G protein-coupled receptors (GPCRs) constitute a large family of receptors that sense molecules outside the cell and activate inside signal transduction pathways and cellular responses. GPCR are involved in a wide variety of physiological processes, including in the neuroendocrine system. GPCR are also involved in many diseases and are the target of 30% of marketed medicinal drugs. Whereas the majority of the GPCR-targeting drugs have proved their therapeutic benefit, some of them were associated with undesired effects. We develop two examples of used drugs whose therapeutic benefits are tarnished by carcinogenesis risks. The chronic administration of glucagon-like peptide-1 (GLP-1) analogs widely used to treat type-2 diabetes was associated with an increased risk of pancreatic or thyroid cancers.

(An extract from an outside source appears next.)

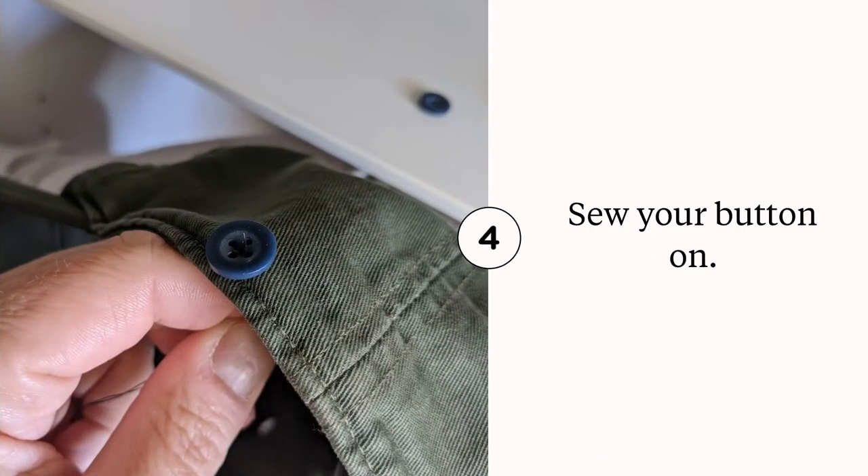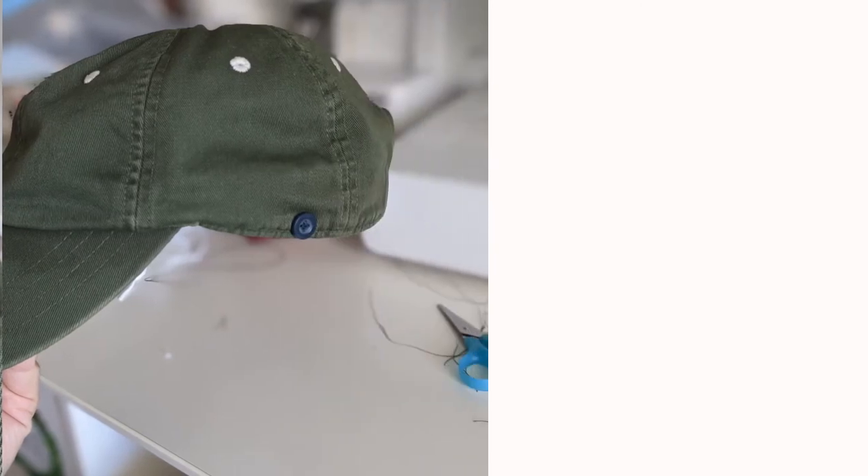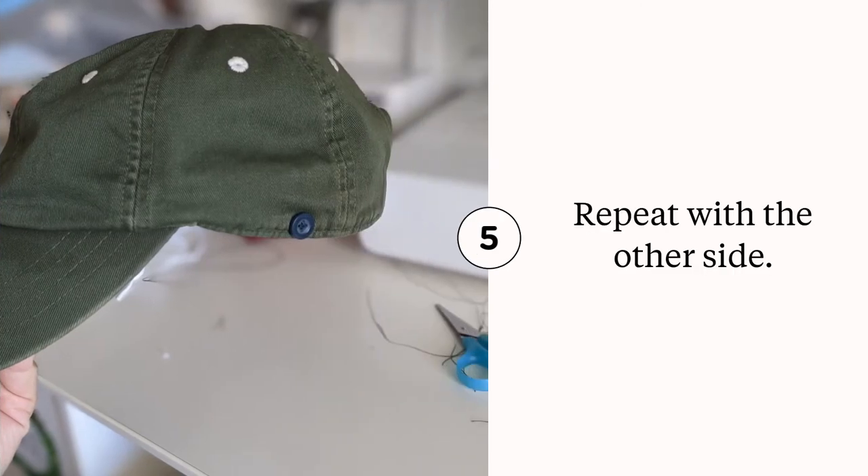Next, I went ahead and sewed on my buttons. Sometimes when I'm sewing a button on a shirt or something I want to stay on for a long time, I'll do a really good job sewing it on and go around each button section a couple times. But in this case, I plan to eventually cut these buttons off — hopefully someday when we don't have to wear masks anymore — so I only did it a couple times so it was easy to snip the threads when I'm ready for that. Here is a picture of the button sewn on.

The long-term treatment with the estrogen antagonist tamoxifen, developed to target breast cancer overexpressing estrogen receptors ER, presents agonist activity on the G protein-coupled estrogen receptor which is associated with an increased incidence of endometrial cancer and breast cancer resistance to hormonotherapy. We point out and discuss the need of pharmacological studies to understand and overcome the undesired effects associated with the chronic administration of GPCR ligands. In fact, biological effects triggered by GPCR often result from the activation of multiple intracellular signaling pathways. Deciphering which signaling networks are engaged following GPCR activation appears to be primordial to unveil their contribution in the physiological and physiopathological processes. The development of biased agonists to elucidate the role of the different signaling mechanisms mediated by GPCR activation will allow the generation of new therapeutic agents with improved efficacy and reduced side effects. In this regard, the identification of GLP-1R biased ligands promoting insulin secretion without inducing pro-tumoral effects would offer therapeutic benefit.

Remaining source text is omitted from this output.